Salt runoff, for example, can be captured and stored inland, or even dropped in the open ocean without a significant change in the ocean’s overall salinity.

“You just have to make sure that you’ve got mitigation,” Shellenberger explained. This includes simple fixes — which are opposed by these same groups that deploy the same tactics to shut down nuclear power — which are already used to desalinate nearby water while offering emissions-free electricity. Opponents to nuclear and desalination, however, have “imposed scarcity” to keep California free of more people such technologies could bring.

After the billion-dollar plant in Huntington Beach failed, California has two more desalination projects in the pipeline, with votes on their approval expected this fall.

The Doheny Ocean Desalination Plant is another project planned for Orange County, which, if constructed, would produce up to 5 million gallons of potable water per day, a tenth of what the doomed plant at Huntington Beach would have offered.

The plant’s Chief Engineer Marc Serna explained to The Federalist that the project could be operational by the end of 2026 if approval meetings with regulators go according to plan.

“The obstacle, of course, are first of all permits,” Serna said, adding that, so far, “we do have a lot of positive support from both the Coastal Commission and State Lands Commission.”

Sheena Johnson, the spokeswoman for the South Coast Water District, told The Federalist that the $140 million project has so far received $32.4 million in grants.

A larger project further up the coast has been proposed for Monterey County. If approved, the Monterey Peninsula Water Supply Project would produce up to 6.4 million gallons of potable water daily at a construction cost of $322 million. Local residents are dependent on the nearby Carmel River and remain under stage 1 water restrictions to protect the delicate ecosystem from excessive drainage.

The approval of both projects is uncertain after the state Coastal Commission’s unanimous decision to axe what would have been California’s largest desalination project at Huntington Beach. As of now, there are only 12 operating desalination plants in the state of nearly 40 million people.

“There’s no reason to have scarcity of water in one of the richest states that’s existed in the entire world,” Shellenberger said. “This is not rocket science.”

California could also take lessons from Israel.

Replenishing the Sea of Galilee

No nation on Earth has been as successful at transforming seawater into a drinkable resource as Israel, half of which exists in an arid region of the Middle East.

A four-year drought between 2014-2018 left the world’s lowest freshwater lake, the Sea of Galilee, even lower from overuse and irregular rainfall. Excess output of desalinated water, however, has replenished the lake to its maximum capacity for the first time in three decades. In July, the country introduced plans to use desalinated water from the Sea of Galilee to make the Jordan River safe for swimming again.
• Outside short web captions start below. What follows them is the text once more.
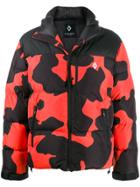 Marcelo Burlon County Of Milan Cross Camouflage Padded Jacket - Orange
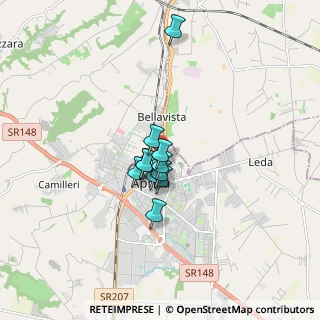 Mappa Via Umbria, 04011 Aprilia LT, Italia (1.09909)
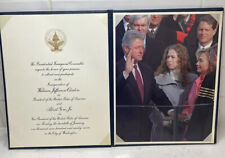 1997 President Bill Clinton Inauguration Invitation & Al Gore picture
Today, five seawater desalination plants allow Israel to produce 20 percent more water than it needs, with two more projects in development expected to be operational next year.

“Upon completion of the seventh facility, desalinated water will cover up to 90 percent of Israel’s annual municipal and industrial water consumption,” writes Israeli journalist Max Kaplan-Zantopp. “To remain resilient in the drought-projected years to come, the Israeli government in 2018 updated its desalination with a target to produce 1.1 [billion cubic meters] of desalinated water by 2030.”

Israel’s desalination efforts have been so successful that they’ve attracted interest from their parched desert neighbors. Last year, Israel entered into an agreement with Jordan and the UAE to swap solar power from Jordan for water from Israel.

Israeli groups, according to Kaplan-Zantopp, are also exporting “expertise, technologies, and policy strategies with neighboring and distant communities suffering from endemic water crises.”

In Shellenberger’s eyes, there’s no reason that California being on the “technological frontier” can’t play a major role in the global desalination trade.

“We should be pioneering desalination technologies,” Shellenberger said. “We have an obligation to do it.”